Hmm, I think this could be useful easing the utilization of sufficient statistics. However, I am still a bit confused about the implementation you are suggesting. The response family I am using is cumulative, but I am not sure how to implement the collapsing you mentioned and I do not see the weights argument in brm(). Would you mind clarifying a bit further?
Oh, it appears to have moved to the “addition-terms”, sorry for confusion.
Maybe an example will clarify. With data:
y x1 x2
1 4 2.5
2 3 -1
1 4 2.5
and formula y ~ x1 + x2 we get the exact same results as with data
y x1 x2 w
1 4 2.5 2
2 3 -1 1
and formula y | weights(w) ~ x1 + x2 - regardless of family or other settings, because weight 2 means we add the likelihood for the row twice, which is the same as actually having the row two times in data. This obviously only works when you have multiple rows that match in all predictors AND outcome.

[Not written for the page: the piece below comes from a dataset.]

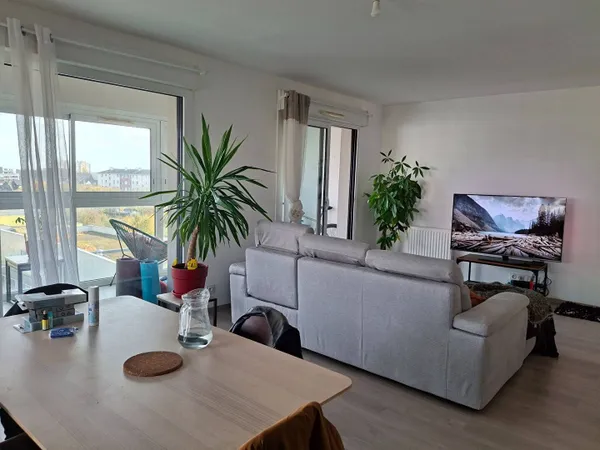 Appartement 4 pièces 82 m²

Thank you for the example! It certainly cleared things up completely. In hindsight, this seems highly applicable to my dataset, considering each row is a student’s response to each question on a test, meaning all but one of the right-hand columns are repeated roughly 43 times for each student (i.e. the test had 43 questions). Roughly initial calculations indicate this could reduce my dataset to about ~7.3 % of the current size by collapsing and adding a weights column.
However, I have just realized that I have one predictor column that represents the individual 43 questions, which I have included as part of the IRT model. The inclusion of this column makes each individual row a unique combination of student-question values. I do not see an obvious solution around this issue…
Yeah, that sounds bad for my proposal. However, as you seem to have a lot of data with only a few predictors, approximate solutions might work very well. I’ve had some pretty good experience with INLA, which can be an order of magnitude faster than Stan (a similar approximation is being made available in Stan, but I don’t think it’s ready yet). Though I don’t think it supports ordinal responses out of the box - and if I understand you correctly, you have ordinal responses, right? While I think it is actually possible to hack INLA to do ordinal regression, you might want to start with a Poisson / binomial regression and see if you can express everything else you need in INLA and that the speed is acceptable.
I’m late to the party, but anyway I hope I can revive this conversation. I’m a little puzzled by the statement here.
Isn’t the number of chains immaterial from a computational point of view? The distribution of post-warmup samples for every chain is approximately the posterior distribution, so the distribution of aggregated samples is again the posterior. Since that holds for any number of chains, however many you pick depends on other factors, such as what hardware is available. If one has a lot of cpus, and nothing else to do with them, what reason motivates against launching lots of chains?
I would expect the variance of the posterior approximation (I mean, looking at the variance of a histogram of samples) to be a function of the total number of post-warmup samples, whether that’s divided into a few long chains or a larger number of shorter chains. Is that variance actually a function of how the samples are divided up?
I don’t mean to be argumentative, I’m honestly perplexed. Thanks for any light you can shed on this topic.